AIM OF THE EXERCISE = Starting at the line with "Mantel individual Poinsettia 4", retype every line through the end of the listing exactly as written, and nothing before it.

DATA TO USE =
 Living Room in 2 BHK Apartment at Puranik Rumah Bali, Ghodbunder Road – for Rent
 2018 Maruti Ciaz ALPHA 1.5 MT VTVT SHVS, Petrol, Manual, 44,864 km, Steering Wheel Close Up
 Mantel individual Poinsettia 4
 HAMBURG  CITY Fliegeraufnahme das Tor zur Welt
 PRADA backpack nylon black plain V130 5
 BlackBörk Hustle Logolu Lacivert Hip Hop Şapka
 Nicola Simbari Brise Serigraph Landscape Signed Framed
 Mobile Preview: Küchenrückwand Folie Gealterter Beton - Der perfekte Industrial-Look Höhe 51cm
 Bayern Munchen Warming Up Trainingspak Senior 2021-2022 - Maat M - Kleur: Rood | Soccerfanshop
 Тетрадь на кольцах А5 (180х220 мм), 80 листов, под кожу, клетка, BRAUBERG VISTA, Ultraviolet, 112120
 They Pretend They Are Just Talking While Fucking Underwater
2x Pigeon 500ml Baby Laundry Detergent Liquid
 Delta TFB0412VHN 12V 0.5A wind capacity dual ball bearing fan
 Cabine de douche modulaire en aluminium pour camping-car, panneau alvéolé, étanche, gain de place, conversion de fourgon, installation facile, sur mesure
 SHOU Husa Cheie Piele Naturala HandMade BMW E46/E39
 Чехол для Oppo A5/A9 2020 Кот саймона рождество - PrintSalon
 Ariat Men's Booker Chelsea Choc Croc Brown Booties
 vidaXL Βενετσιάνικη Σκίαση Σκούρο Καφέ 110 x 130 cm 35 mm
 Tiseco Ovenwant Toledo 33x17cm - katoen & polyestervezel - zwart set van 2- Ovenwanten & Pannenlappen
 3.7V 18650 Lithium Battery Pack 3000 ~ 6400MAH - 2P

ANSWER TO THIS TASK =
 Mantel individual Poinsettia 4
 HAMBURG  CITY Fliegeraufnahme das Tor zur Welt
 PRADA backpack nylon black plain V130 5
 BlackBörk Hustle Logolu Lacivert Hip Hop Şapka
 Nicola Simbari Brise Serigraph Landscape Signed Framed
 Mobile Preview: Küchenrückwand Folie Gealterter Beton - Der perfekte Industrial-Look Höhe 51cm
 Bayern Munchen Warming Up Trainingspak Senior 2021-2022 - Maat M - Kleur: Rood | Soccerfanshop
 Тетрадь на кольцах А5 (180х220 мм), 80 листов, под кожу, клетка, BRAUBERG VISTA, Ultraviolet, 112120
 They Pretend They Are Just Talking While Fucking Underwater
2x Pigeon 500ml Baby Laundry Detergent Liquid
 Delta TFB0412VHN 12V 0.5A wind capacity dual ball bearing fan
 Cabine de douche modulaire en aluminium pour camping-car, panneau alvéolé, étanche, gain de place, conversion de fourgon, installation facile, sur mesure
 SHOU Husa Cheie Piele Naturala HandMade BMW E46/E39
 Чехол для Oppo A5/A9 2020 Кот саймона рождество - PrintSalon
 Ariat Men's Booker Chelsea Choc Croc Brown Booties
 vidaXL Βενετσιάνικη Σκίαση Σκούρο Καφέ 110 x 130 cm 35 mm
 Tiseco Ovenwant Toledo 33x17cm - katoen & polyestervezel - zwart set van 2- Ovenwanten & Pannenlappen
 3.7V 18650 Lithium Battery Pack 3000 ~ 6400MAH - 2P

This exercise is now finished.